ST. THOMAS — Gov. Kenneth Mapp is now required by law to justify any further extensions to the territory’s state of emergency to the V.I. Legislature.
On Friday, during a legislative session on St. Thomas, lawmakers voted to override Mapp’s veto of Bill 32-0185, a bill that requires a governor — after the first 60 days of a state of emergency — to request further extensions from the Legislature, complete with a progress report.
Sen. Tregenza Roach, who authored the bill, said the measure is effective immediately, meaning Mapp will now have to consult the Legislature if he chooses to extend the state of emergency beyond Nov. 1.
The territory has been under a declared state of emergency since Sept. 5, the day before Hurricane Irma hit on Sept. 6.
For Roach, a primary goal of his bill is to bring more transparency and accountability to the broad scope of powers given to a governor during a state of emergency, including the powers that handle billions of federal recovery dollars.
“The governor should not have the unfettered authority to declare and extend a state of emergency indefinitely,” said Roach at a recent session. “A state of emergency gives the governor the authority to suspend any statute that he so chooses, including the statutes related to procurement of goods and services for the government of the Virgin Islands.”
Indeed, the V.I. Code also allows the governor to establish price freezes and suspend laws, rules, and regulations for virtually any government agency.
Mapp, who vetoed the bill late last month, insisted it “reeks of politics,” and would only result in delaying the executive branch’s immediate response to disasters.

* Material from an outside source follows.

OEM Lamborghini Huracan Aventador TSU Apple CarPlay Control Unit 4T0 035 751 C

“The Virgin Islands’ state of emergency exists so we can expedite the procurement process and response to federal imposed cost share deadlines,” said Mapp, in a letter penned to Jackson. “While I understand the need of some members of the Legislature to ask for a ‘go slow’ process, this adds no benefit to the recovery of the territory.”
Roach later told The Daily News that Mapp had “misapprehended” the bill.

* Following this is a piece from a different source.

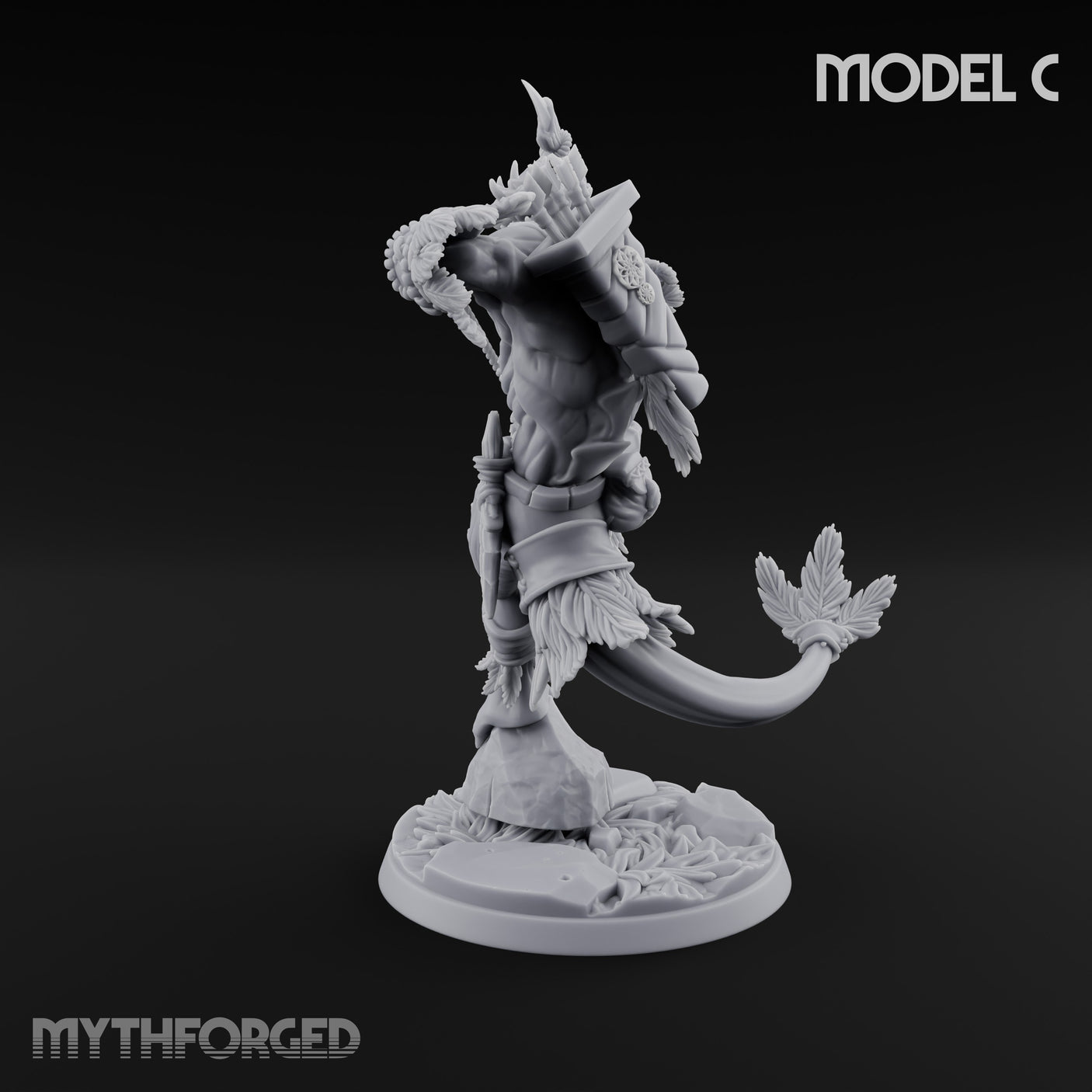 Arrow Nocking Lizardfolk Archer C gallery 6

“The bill is not intended to end the state of emergency — it is intended to provide more transparency in the emergency response process,” he said. “The bill retains the governor’s ability to declare a state of emergency and it allows him to continue that state of emergency for 60 days. But it provides transparency to the public so that we don’t have people routinely coming up one year later and asking why we’re still under a state of emergency other than these really terse statements that the government gives out.”
Roach added that justifying extensions to the Legislature would not “slow down” response efforts.
“The bill already considers that — if there’s inaction on the part of the Legislature, the state of emergency would continue,” Roach said. “So, there would be nothing that would stymie response efforts.”
Voting in favor of the override were: Senators Roach, Dwayne Degraff, Marvin Blyden, Jean Forde, Novelle Francis Jr., Alicia Hansen, Myron Jackson, Janette Millin Young, Positive Nelson, Sammuel Sanes and Brian Smith.
Voting against the override were: Senators Neville James, Nereida Rivera-O’Reilly, Janelle Sarauw and Kurt Vialet.